An All Time Great
T.C.A. Srinivasa Raghavan
THE GENERAL THEORY OF EMPLOYMENT, INTEREST AND MONEY by John Maynard Keynes Palgrave Macmillan, London, first published in 1936, , pp.,
January 2016, volume 40, No 1

Usually, when the editors of this jour nal ask me to write something, I decline. But this time I had to accept because they asked me to write something about the most influential writer in economics in the 20th century. It was—as the Americans say—a no-brainer because there is only man who fits the bill: John Maynard Keynes, who stands out by a mile. To me, he was as much an economist as a very deft political thinker.

Keynes is to the 20th and 21st centuries what Karl Marx was to the 19th. If Marx changed the way politicians thought about economics, Keynes changed the way economists thought about politics. Never, as Winston Churchill said in a rather more prosaic context, have so many owed so much to just two people. Marx exposed capitalist greed; Keynes showed governments how to mitigate its effects. It is a testimony to their ideas that their ghosts are well and alive in the 21st century. If true greatness lies in changing the way societies view their problems, then Marx and Keynes rank in the top ten. But there is a difference: Marxism failed. Keynesianism hasn’t. Reason: while both assigned a leading role to the state, the nature of that role differed vastly. One wanted private property abolished; the other merely wanted it to be given a helping hand when it faltered.

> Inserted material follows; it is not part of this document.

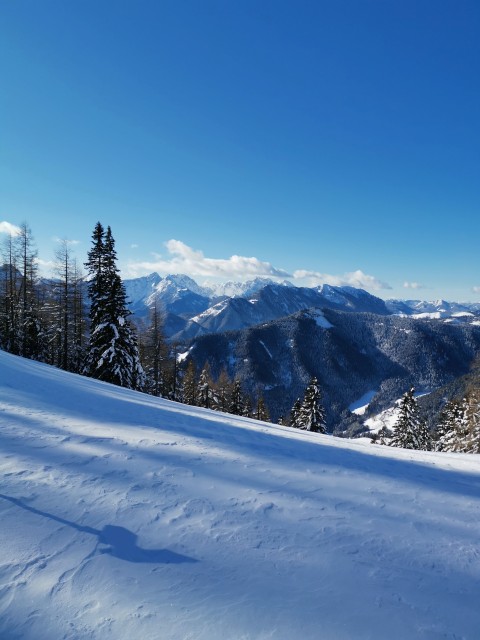 Mitnek-Dom na Peci-Kordeževa glava-13.1.2021 - foto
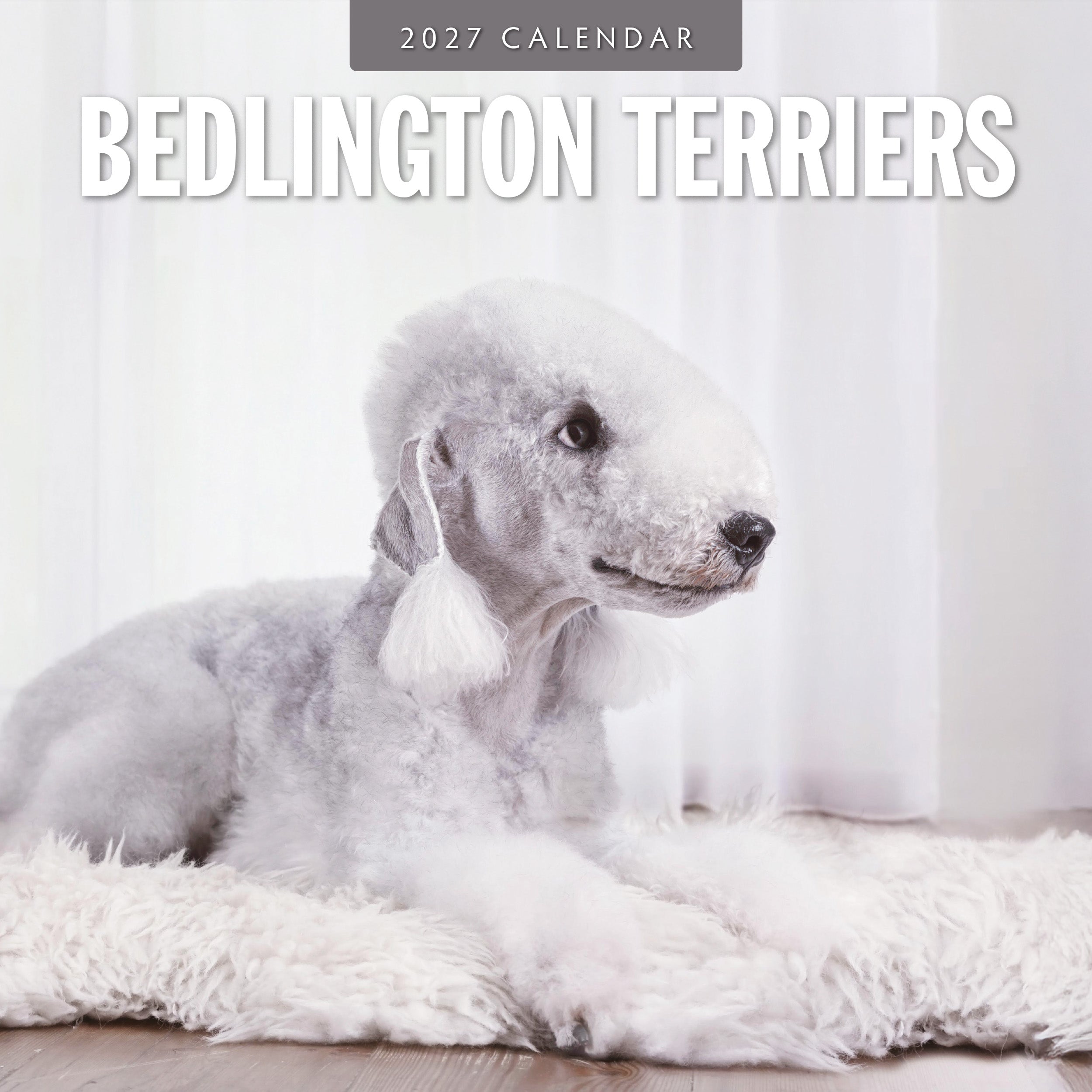 2027 Bedlington Terriers - Square Wall Calendar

Just as political scientists have waxed eloquent on Marx’s Das Kapital, economists have waxed eloquent on Keynes’ General Theory of Employment, Interest and Money which was published in 1936. The former led to evocative slogans like ‘We must change the world, not explain it’. The latter took the opposite route: let’s explain the world and leave it to change itself, which it did. The Marx-inspired experiment of Communism failed; the Keynes inspired welfare model has gone from strength to strength. Clearly, Keynes had what it takes when it came to persuading societies to look at things differently.